Coaching career (HC unless noted)
- 1989: Enterprise HS (AL) (assistant)
- 1990: Arkansas (GA)
- 1991–1993: Austin Peay (DL)
- 1994–1996: Troy State (DL)
- 1997: Houston (OLB)
- 1998: Clemson (OLB)
- 1999–2001: Baylor (DC/LB)
- 2002–2003: Georgia Tech (LB)
- 2004–2006: Mississippi State (DL)
- 2007–2009: Chicago Bears (DL)
- 2009–2014: LSU (DL)
- 2015–2016: Texas (DL)
- 2017–2020: Missouri (DL)
- 2022: Minnesota (DL)
- 2023–2024: Purdue (DL)

= Brick Haley =

American football player and coach (born 1966)

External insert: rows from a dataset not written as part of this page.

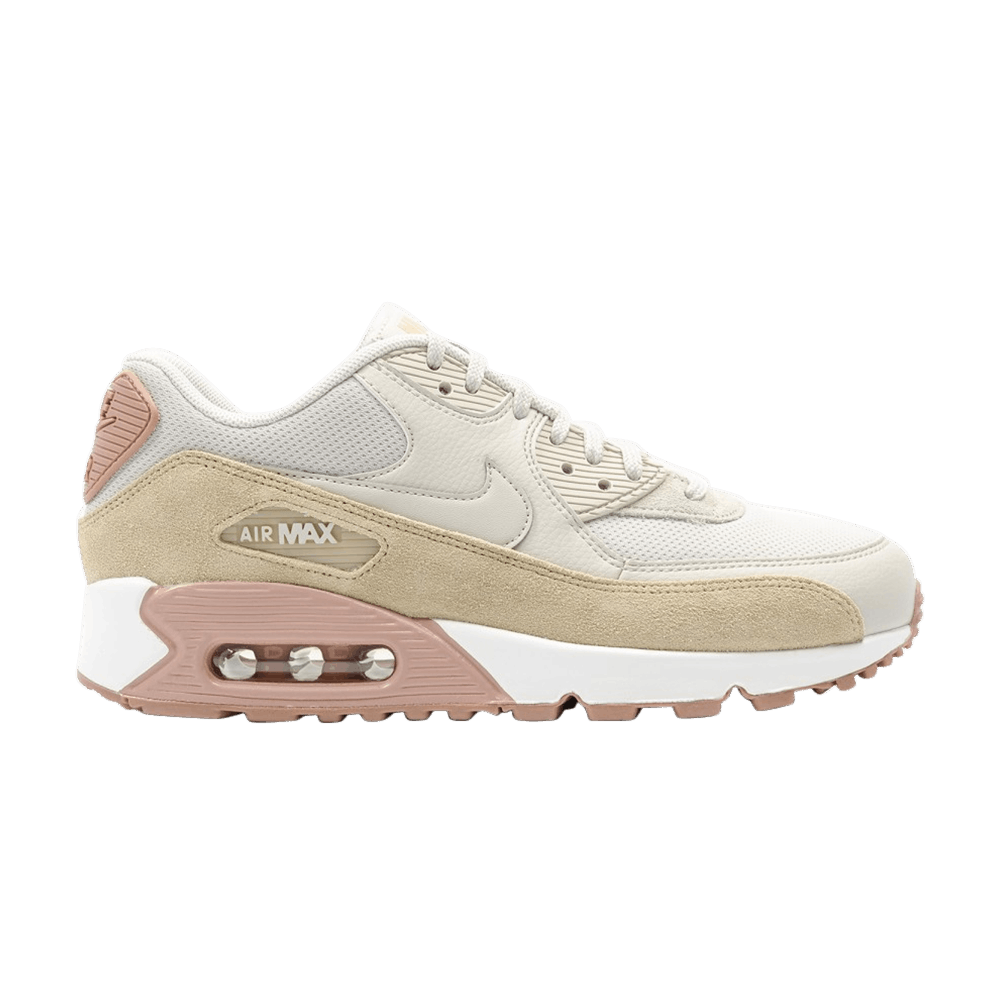 Wmns Air Max 90 'Light Bone'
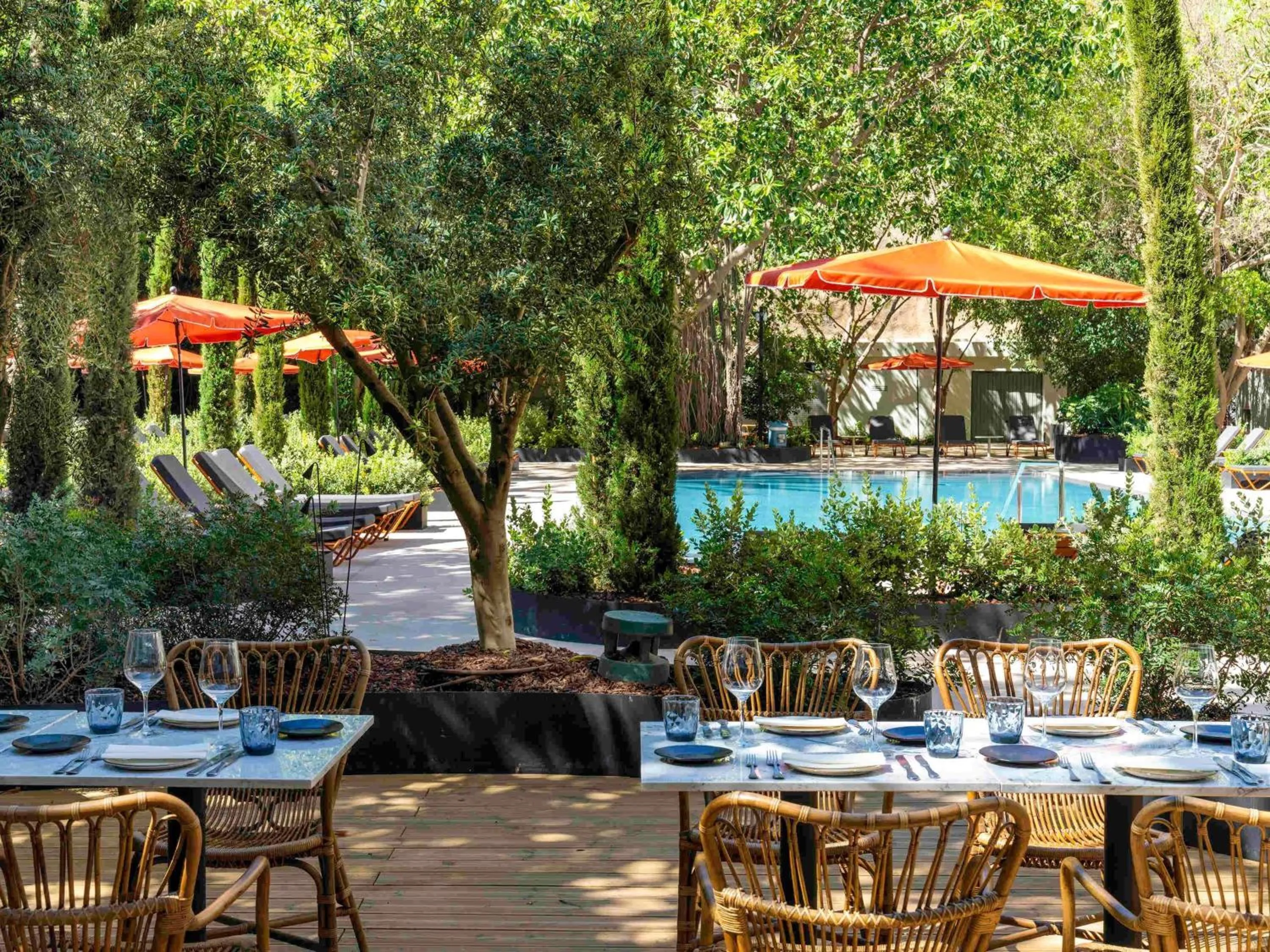 Restaurant/places to eat in Mercure Benidorm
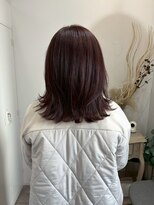 ロッカ(ROCCA)&nbsp;レッドブラウン × 柔らかレイヤーデザインカラー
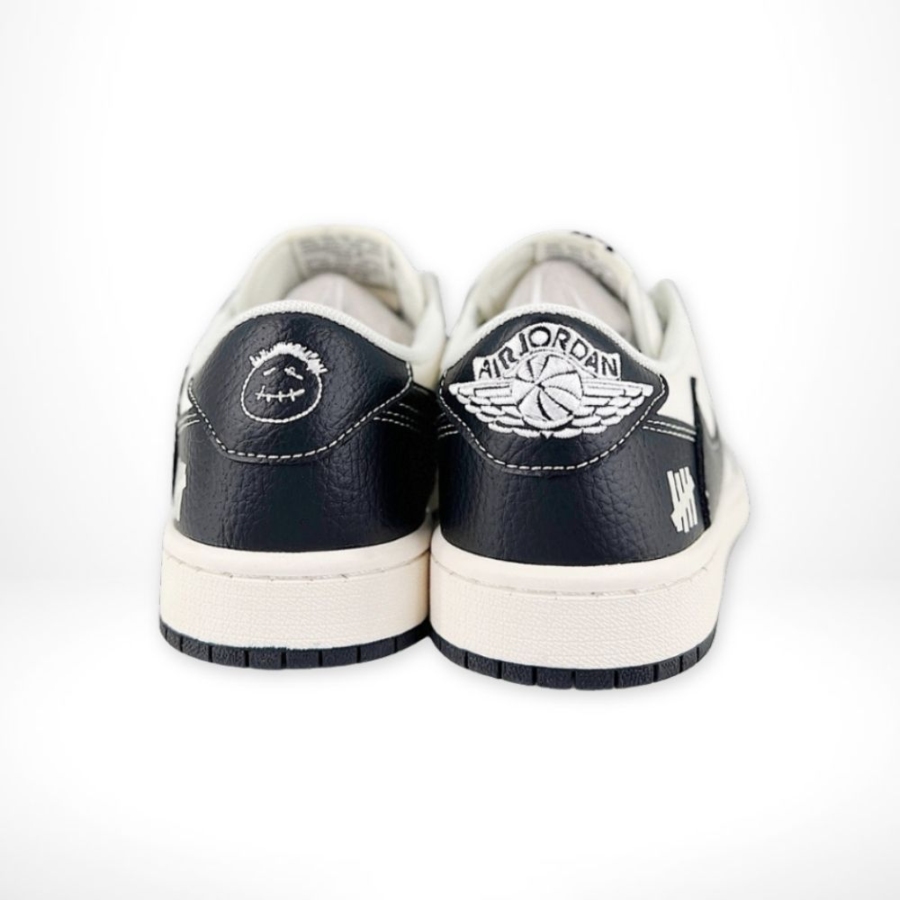 Rear view of Air Jordan 1
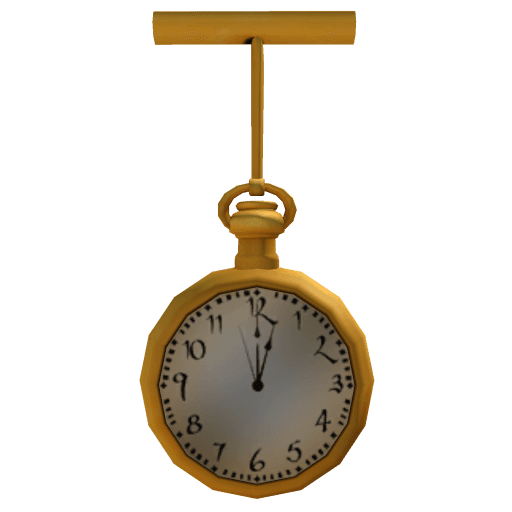 Conductor's Gold Pocket Watch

Brick Haley (born May 16, 1966) is an American football coach and former player.

==Coaching career==

===Early career===
Previously, Haley was the defensive coordinator and linebackers coach at Baylor (1999–2001) after coaching outside linebackers for one season each at Clemson University (1998), and at Houston (1997). The defensive line coach at Troy State from 1994 to 1996, he was promoted to defensive coordinator following the 1996 campaign before leaving for Houston. Haley coached the defensive line at Austin Peay from 1991 to 1993 after starting his college coaching career as a graduate assistant at Arkansas in 1990. His first coaching job was at Enterprise (Ala.) High School in 1989.

===Georgia Tech===
After leaving Baylor as a defensive coordinator, Haley spent two years (2002–2003) as Georgia Tech's linebackers coach where he helped the Yellow Jackets to a pair of postseason bowl games. In 2003, he coached a first-team all-ACC performer, after Tech's trio of starting linebackers finished the 2002 season as the team's top-three tacklers.

===Mississippi State===
Prior to his stint in the NFL, Haley spent three years as the defensive line coach at Mississippi State from 2004 to 2006. At Mississippi State, Haley helped improve a Bulldogs defense that finished 41st in the nation in 2006 after finishing 113th a year before his arrival. Under Haley's watch, Bulldogs defensive end Titus Brown developed into a second-team all-SEC selection after leading the team and ranking fifth in the conference in sacks in 2006. In 2005, Haley coached the SEC leader in sacks (third in NCAA) and tackles for loss (fourth in NCAA) in Willie Evans.

===Chicago Bears===
Haley was the defensive line coach of the Chicago Bears of the NFL. In two years in the NFL with the Bears, Haley coached a defensive line that helped Chicago rank No. 5 in the league in rushing yards allowed per game in 2008. The Bears finished sixth in the NFL in sacks in 2007 with defensive tackle Tommie Harris earning a spot in the Pro Bowl that year.

==Personal life==
The Gadsden, Ala., native played linebacker at Alabama A&M from 1984 to 1988 and was inducted into the school's Athletic Hall of Fame in 2005. He received Alabama A&M's Inspiration Award in 1987, and was named football MVP for the 1988 season. He and his wife, Tina, have three sons: Adrian, A.J. and Jeremy.